Схожая ситуация возникает при вступлении в первичные правоотношения посредством обмена электронными документами через Интернет, так как до настоящего времени не решён вопрос с деятельностью удостоверяющих центров, без которых фактически не действует Федеральный закон «Об электронной цифровой подписи» от 10 января 2002 г. № 1-ФЗ. Отличие заключается лишь в том, что в силу ст. 5 Федерального закона «Об информации, информатизации и защите информации» от 20 февраля 1995 г. № 24-ФЗ без электронной цифровой подписи или физического подписания документа управомоченным лицом такая информация вообще не имеет юридической силы.

В итоге, по спорам связанным с применением ст. 162 ГК РФ единственным реально доказуемым истцом обстоятельством может стать то, что электронное письмо определённого объема в байтах, было получено им от ответчика или соответственно отправлено последнему, что устанавливаемо посредством анализа лог-файлов провайдера.

В настоящее время лишь на начальной стадии разработки находятся экспертные методики определения достоверности цифровых и аналоговых аудио- и видеозаписей, что также ставит вопросы их эффективного использования в процессе.

Иными словами, оценивая нынешние ограниченные перечни средств доказывания, предусмотренные ГПК РФ и АПК РФ, необходимо констатировать, что с точки зрения допустимости они носят даже опережающий характер в сопоставлении с современным развитием методик определения их достоверности.


§ 3.3. Отдельные средства доказывания в рамках общего правил о допустимости доказательств


Механически разделить ограниченный законом перечень средств доказывания от предусмотренного им порядка обнаружения, закрепления и исследования этих средств практически невозможно. Указанные предписания неразрывно связаны и оказывают непосредственное влияние друг на друга. Это, к слову, служит дополнительным подтверждением правильности взгляда на процессуальную форму доказательств как единство положений о перечне средств доказывания и требований к их вовлечению и использованию в процессе доказывания.

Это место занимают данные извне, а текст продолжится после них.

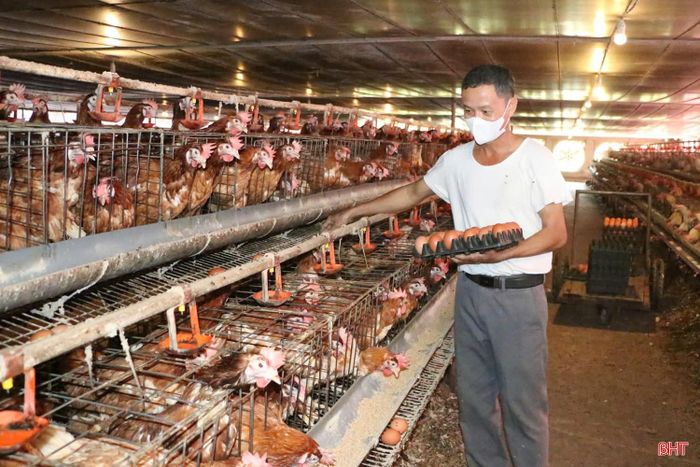 Trang trại chăn nuôi tổng hợp của anh Nguyễn Văn Nguyên (xã Toàn Lưu) có quy mô 6.000 con gà đẻ.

Вполне естественно, что полное раскрытие содержания предписаний о порядке обнаружения, закрепления и исследования доказательств в процессе далеко выходит за рамки настоящего исследования. Кроме того, сам этот порядок более связан с законодательными запретами использования в процессе доказательств, полученных с нарушением федерального закона (ч. 2 ст. 50 Конституции РФ, ч. 2 ст. 55 ГПК РФ и ч. 3 ст. 64 АПК РФ). В этой связи нельзя забывать, что практически любое положение, раскрывающее этот порядок, непосредственно влияет на допустимость доказательств.

Вместе с тем, в законодательстве имеется ряд положений, относящихся именно к процессуальной форме существования отдельных средств доказывания, рассмотрение которых в рамках общего правила о допустимости является целесообразным.